4 messages · Thomas Lumley, msa@biostat.mgh.harvard.edu, Peter Dalgaard

#
Dear Uwe,

You are wrong. First, I've read the help file before
submitting the report. For two variables,
use="pairwise.complete.obs" and use="complete.obs" should be
equivalent, shouldn't it? Of sourse, the results will be
different when we have more than 2 variables. Second, with the
call you proposed I am also getting incorrect result:
[1] -0.1428571

The correct result is -0.4, as correctly calculated by
cor.test()

Regards

Marek Ancukiewicz
#
On Fri, 9 Apr 2004 msa@biostat.mgh.harvard.edu wrote:

            
I think it's more complicated than either of you are considering.

For the Pearson correlation everything is straightforward, and
pairwise.complete is the same as complete, which is the same as dropping
the NAs manually.

For the rank correlations the question is when the ranking should be done.
The cor() function ranks the observations and then drops missing values,
the manual approach drops missing values and then ranks.

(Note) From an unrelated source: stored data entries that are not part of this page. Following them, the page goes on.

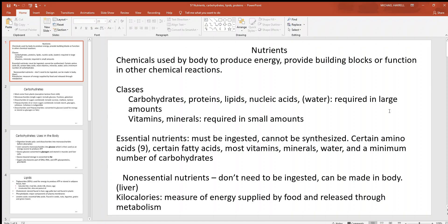Let's take a look at nutrients and their uses in the body. You can think of a nutrient as chemicals being used by the body to produce energy, provide building blocks, or function in other chemical reactions. You can also think of a nutrient as anything that a cell needs. So let's see what these cells need.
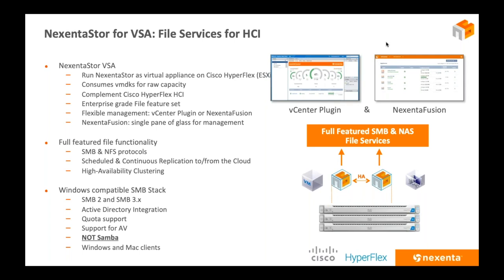The SMB stack includes SMB 2 and 3 support — SMB 3 for Microsoft applications that perform better with it — as well as Active Directory integration, quota management which is very important in a VDI environment, and antivirus protection. This is not just another version of Samba. People have deployed Samba on a Linux box and gotten mixed results with performance. This delivers a very robust Microsoft-style experience utilizing our SMB stack.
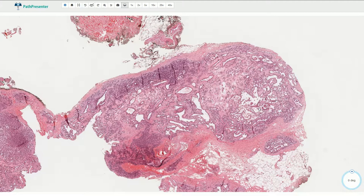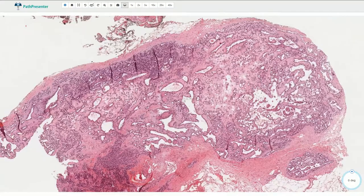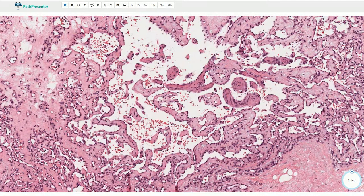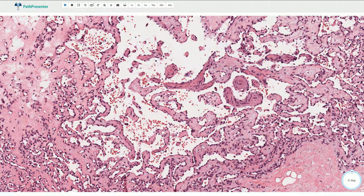The lesion is typically well circumscribed and has a fibrous pseudocapsule. Here we have multiple irregular vascular spaces, and on higher magnification we can see the typical papillary proliferation, which is lined by a single layer of bland endothelial cells. The papillary structures have a fibrous core and the endothelial cells are flat and benign-looking.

I'm not convinced that it is obvious which of these is right, though
certainly the help page should document whichever is being done.


	-thomas
#
Dear Thomas,

The question becomes: how do we rank missing values?  In
version 1.8.1 at least, cor () uses default handling of
missing values by rank() [by na.last parameter], that is
missing values are assigned the highest rank. However, if
nothing is known about the meaning of NA what would be the
basis of such an assumption?  Assigning the NAs highest,
lowest values, or any other values requires some additional
information.

It seems that the default handling on missing values should be
to assign them missing ranks: within cor(), rank() should be
called with na.last="keep". However, cor() could have an
additional parameter, such as na.rank which would allow to
account for known ranking of missing values, and which would 
be passed to rank()

By the way, if this were possible [and probably it isn't
because of compatibility with Splus] I would change, in rank()
the naming of "na.last" parameter to "na.rank" with values
such as "last", "first","remove", and "na". That would seem
easier to remember. Also, perhaps the default value should be
"na".

Regards,

Marek
#
Marek Ancukiewicz <msa@biostat.mgh.harvard.edu> writes:
Yes, and that is what 1.9.0beta is doing (it's not like this issue
hasn't been brought up before, just that the fix didn't quite fix it).
I think what we have now is still buggy, but at least it isn't biasing
rho towards +1 whenever x and y tend to be both missing at the same
time.

It's fairly easy to do something more sensible in the complete.cases
case, but getting pairwise.complete.cases right is tricky. 1.9.0
is in deep code freeze, so I don't think we should change things at
this point, except perhaps add a note to the help page.